The cake batter consists of cocoa, sour cream, eggs, and vanilla combined with cake flour, sugar, baking powder, baking soda, salt and butter. It’s baked in a 9 x 2 pan. I don’t have a 9 x 2, as my previous overflow can attest, so I made a parchment collar for my pan.
I popped the cake and the oven, and then tasted a spot of batter. Yikes! There was nothing sweet about it. I quickly reviewed the recipe and my process. I had forgotten the sugar. The cake was pulled from the oven. I dumped a cup of sugar on top and stirred it in. Fortunately, the batter hadn’t begun to bake. The point of this story, dear friends, is always lick the beater, and do it sooner rather than later.

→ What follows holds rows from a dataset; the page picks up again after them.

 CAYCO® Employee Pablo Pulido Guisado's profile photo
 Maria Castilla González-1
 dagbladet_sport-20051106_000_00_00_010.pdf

After calling all of the local markets that tend to carry unusual produce and emailing one online supplier, I was unable to find fresh red currants to garnish the cake – a pity because they looked like red jewels in Rose’s photos. I lamented the situation to my friend, Sandi; she suggested substituting cherries, which I did. Because of the cherries, I used kirsh in place of the creme de cassis in the ganache. I also purchased a small shaker of edible gold to sprinkle on top.
My friends loved both desserts. As for this gateau, specifically, it has the most intense chocolate flavor I’ve ever tasted – a good thing in my book. I’m sure the cake is true to French tradition, but it was a little dry for my taste.
Unlike my other blog posts, as part of the Heavenly Cake Bakers, I don’t post recipes from this book on the internet. One of the reasons for this baking group is to encourage readers to purchase the cookbook. That strategy worked on me! After follow the group’s baking adventures for a couple of months, I ordered a copy from Amazon.